- WORK REQUEST -
Wherever the line with "Electric Heated Blanket" sits in the listing below, transcribe from it up to and including the line with "Pradip Fabrics Woven", exactly, and leave the remaining lines out.

- AVAILABLE DATA -
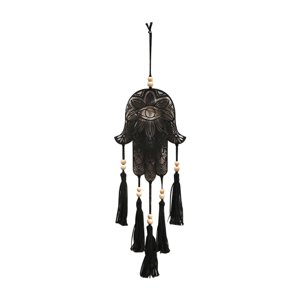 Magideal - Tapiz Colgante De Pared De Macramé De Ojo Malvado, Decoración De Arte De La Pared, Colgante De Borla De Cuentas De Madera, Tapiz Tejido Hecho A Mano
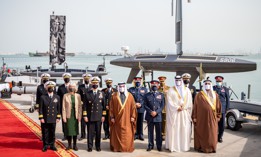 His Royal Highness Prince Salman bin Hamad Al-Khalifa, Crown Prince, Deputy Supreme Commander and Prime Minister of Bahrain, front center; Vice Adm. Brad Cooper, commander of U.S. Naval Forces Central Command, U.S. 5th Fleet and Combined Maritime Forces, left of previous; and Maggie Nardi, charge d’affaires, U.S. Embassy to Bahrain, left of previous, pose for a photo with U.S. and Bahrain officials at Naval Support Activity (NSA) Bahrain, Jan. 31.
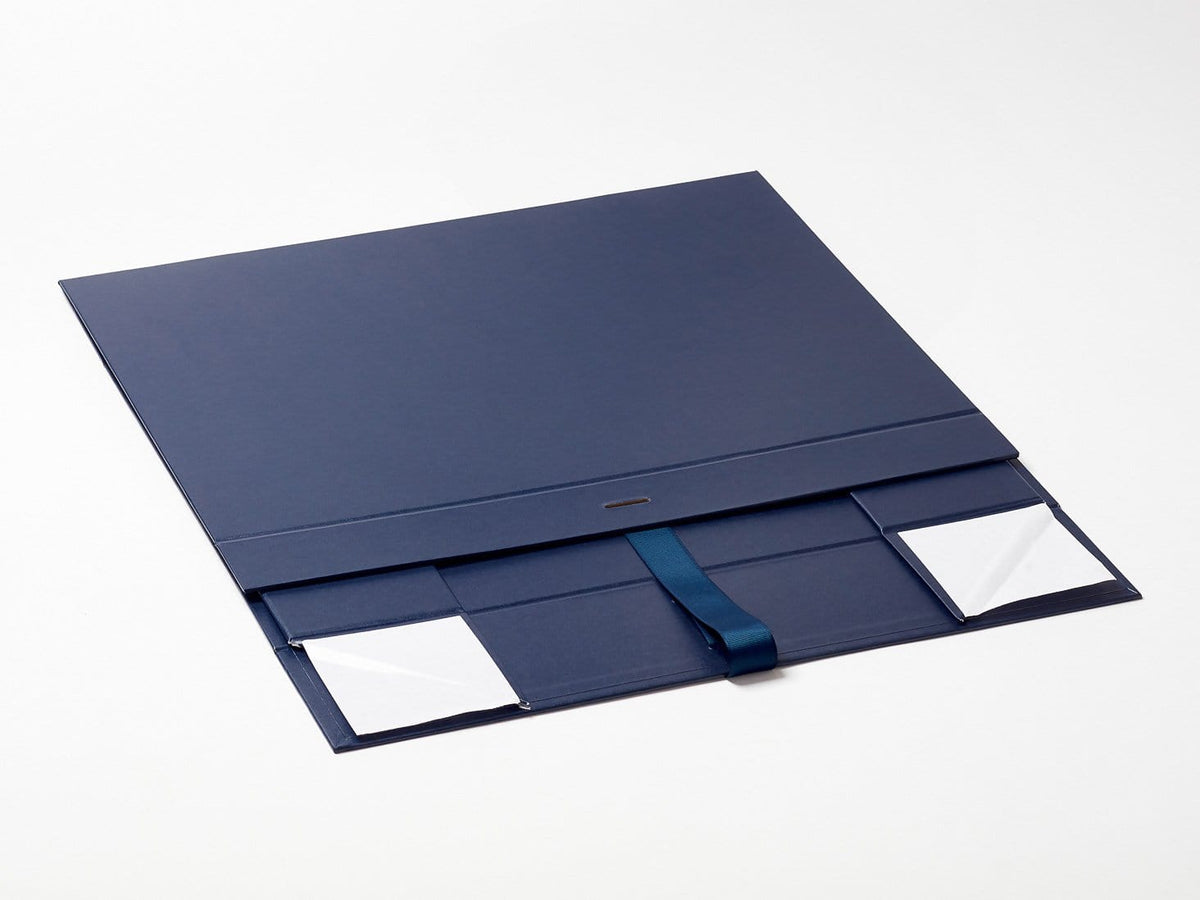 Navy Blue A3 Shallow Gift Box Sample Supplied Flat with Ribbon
--
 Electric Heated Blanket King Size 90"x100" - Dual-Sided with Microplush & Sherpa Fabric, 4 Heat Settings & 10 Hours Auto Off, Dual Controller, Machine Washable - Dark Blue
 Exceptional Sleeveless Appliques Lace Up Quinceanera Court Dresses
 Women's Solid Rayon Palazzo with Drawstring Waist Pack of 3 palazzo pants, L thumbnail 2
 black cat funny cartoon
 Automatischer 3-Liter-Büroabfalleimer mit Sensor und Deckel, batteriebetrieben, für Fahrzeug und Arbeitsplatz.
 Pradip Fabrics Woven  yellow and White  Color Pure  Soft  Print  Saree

- RESULT OF THE EXERCISE -
 Electric Heated Blanket King Size 90"x100" - Dual-Sided with Microplush & Sherpa Fabric, 4 Heat Settings & 10 Hours Auto Off, Dual Controller, Machine Washable - Dark Blue
 Exceptional Sleeveless Appliques Lace Up Quinceanera Court Dresses
 Women's Solid Rayon Palazzo with Drawstring Waist Pack of 3 palazzo pants, L thumbnail 2
 black cat funny cartoon
 Automatischer 3-Liter-Büroabfalleimer mit Sensor und Deckel, batteriebetrieben, für Fahrzeug und Arbeitsplatz.
 Pradip Fabrics Woven  yellow and White  Color Pure  Soft  Print  Saree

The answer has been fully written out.